**Exercise data**
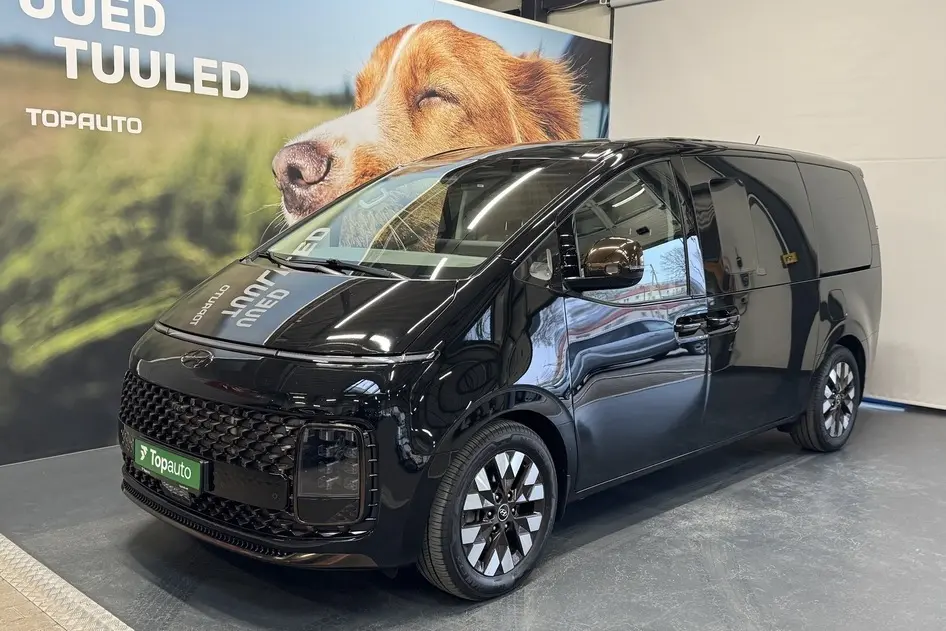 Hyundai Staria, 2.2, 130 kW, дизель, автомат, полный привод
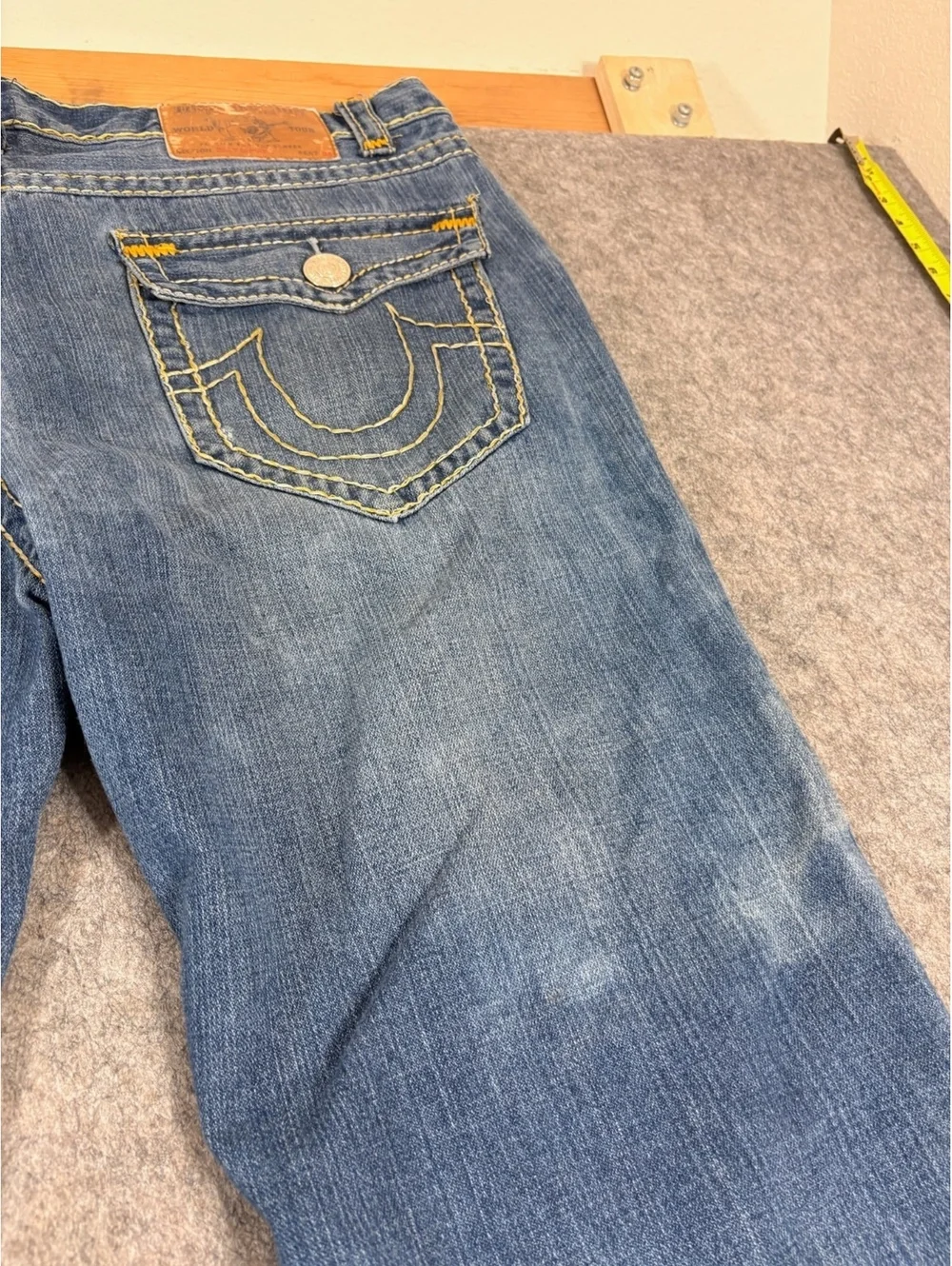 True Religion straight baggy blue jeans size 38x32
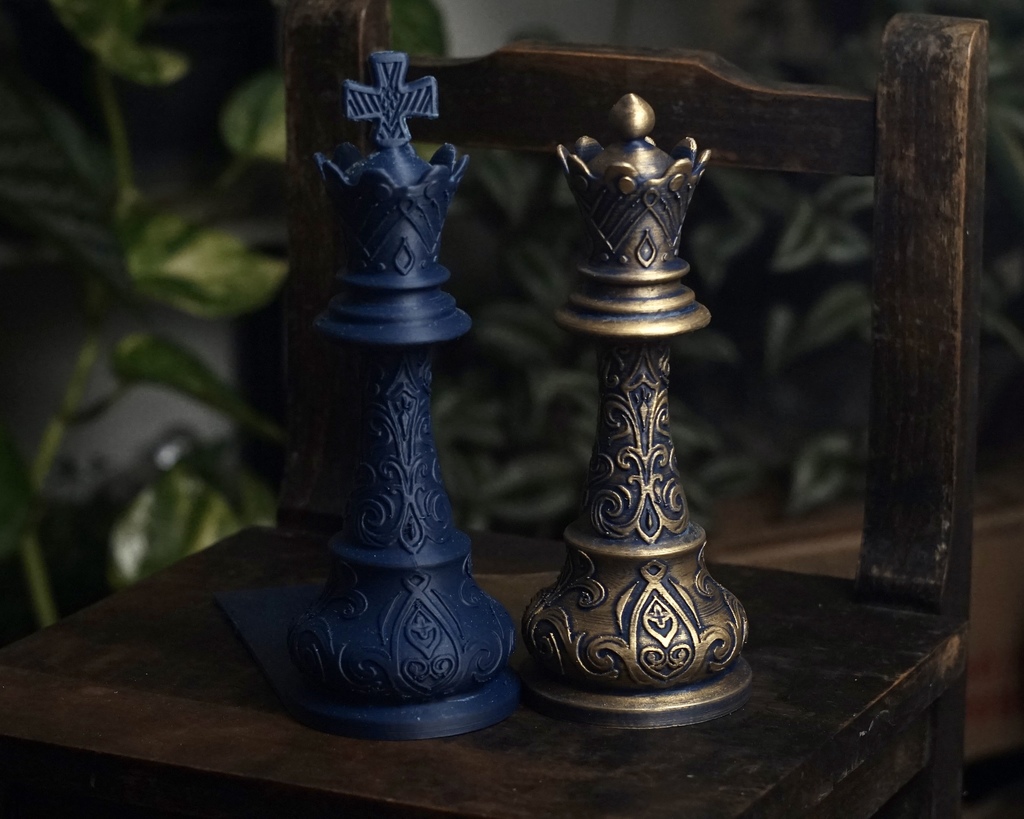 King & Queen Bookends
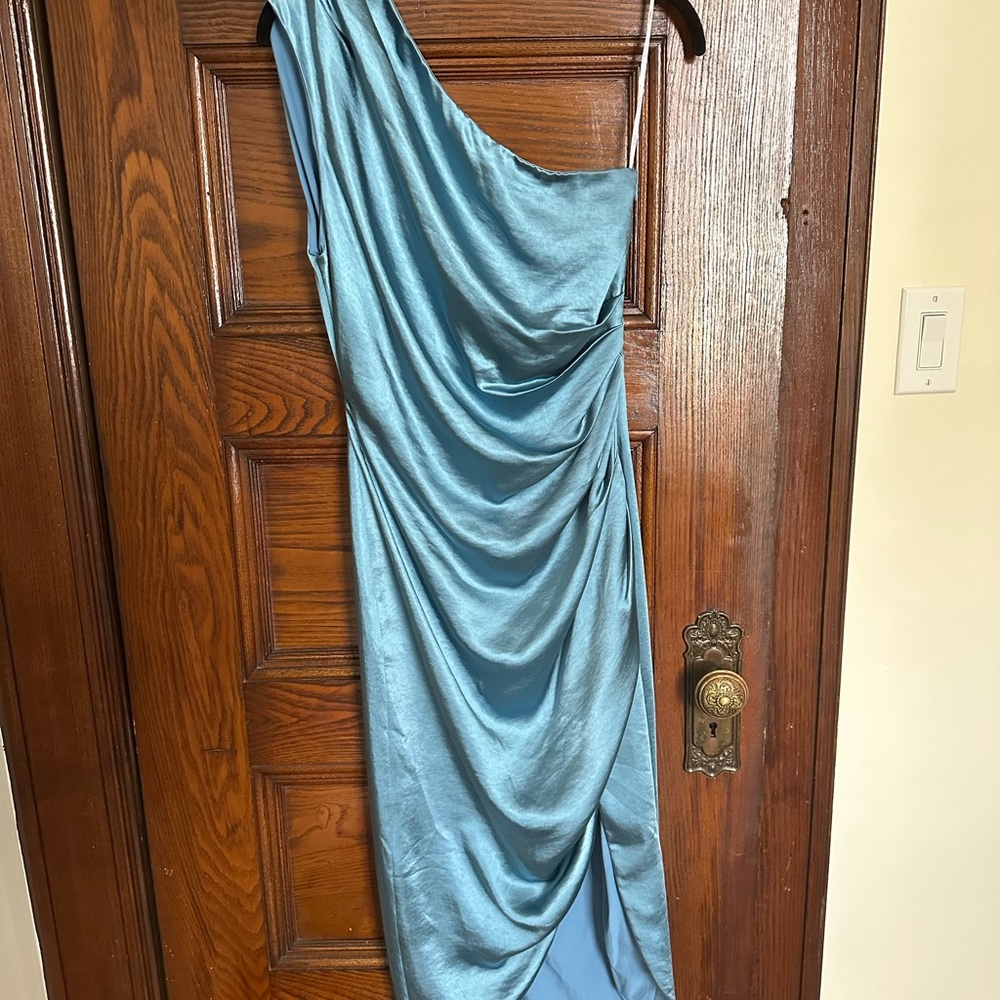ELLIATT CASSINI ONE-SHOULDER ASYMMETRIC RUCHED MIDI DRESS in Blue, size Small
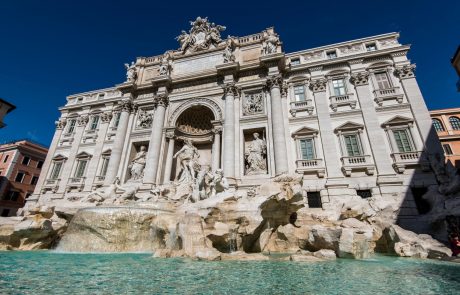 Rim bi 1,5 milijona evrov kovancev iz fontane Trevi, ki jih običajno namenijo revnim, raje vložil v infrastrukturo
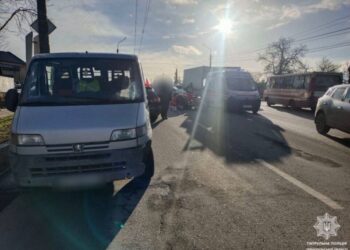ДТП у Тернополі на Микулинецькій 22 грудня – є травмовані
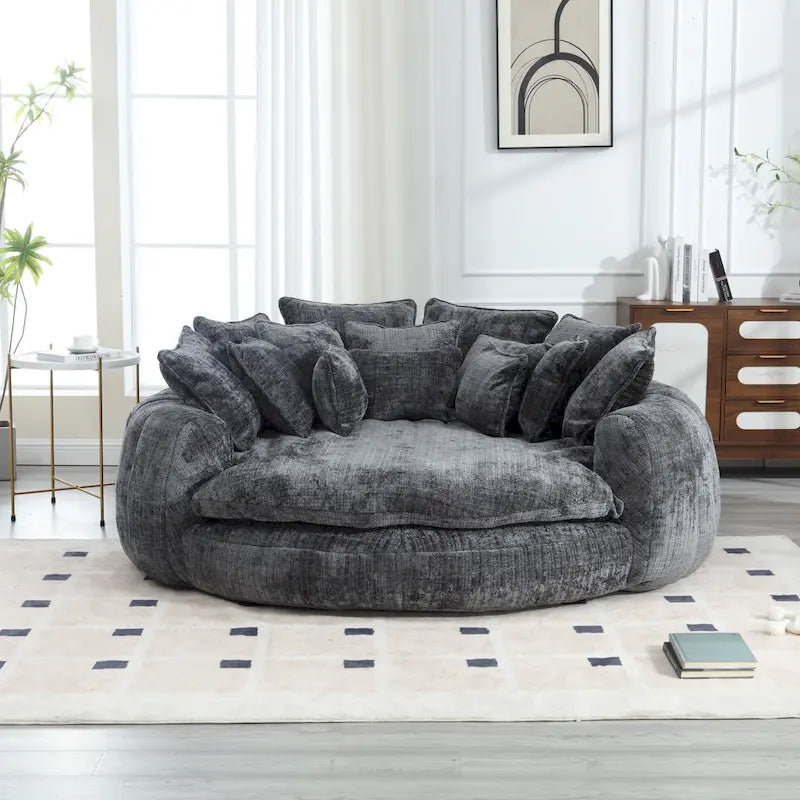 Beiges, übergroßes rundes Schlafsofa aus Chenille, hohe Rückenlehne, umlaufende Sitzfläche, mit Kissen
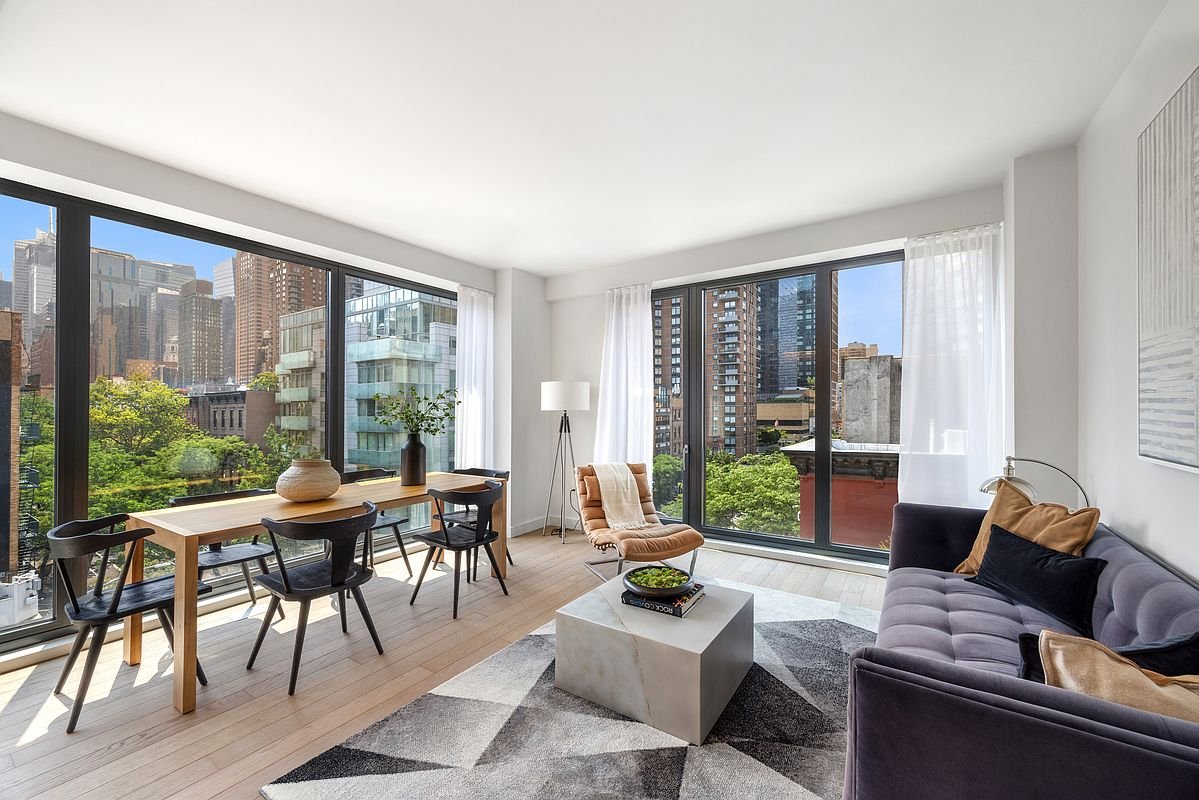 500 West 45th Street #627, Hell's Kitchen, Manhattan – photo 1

**How to complete this task**
No picture is to be included when the lines from the one containing "ДТП у Тернополі" through the end of the material above are output exactly; nothing else is written.

**Exercise result**
ДТП у Тернополі на Микулинецькій 22 грудня – є травмовані
 Beiges, übergroßes rundes Schlafsofa aus Chenille, hohe Rückenlehne, umlaufende Sitzfläche, mit Kissen
 500 West 45th Street #627, Hell's Kitchen, Manhattan – photo 1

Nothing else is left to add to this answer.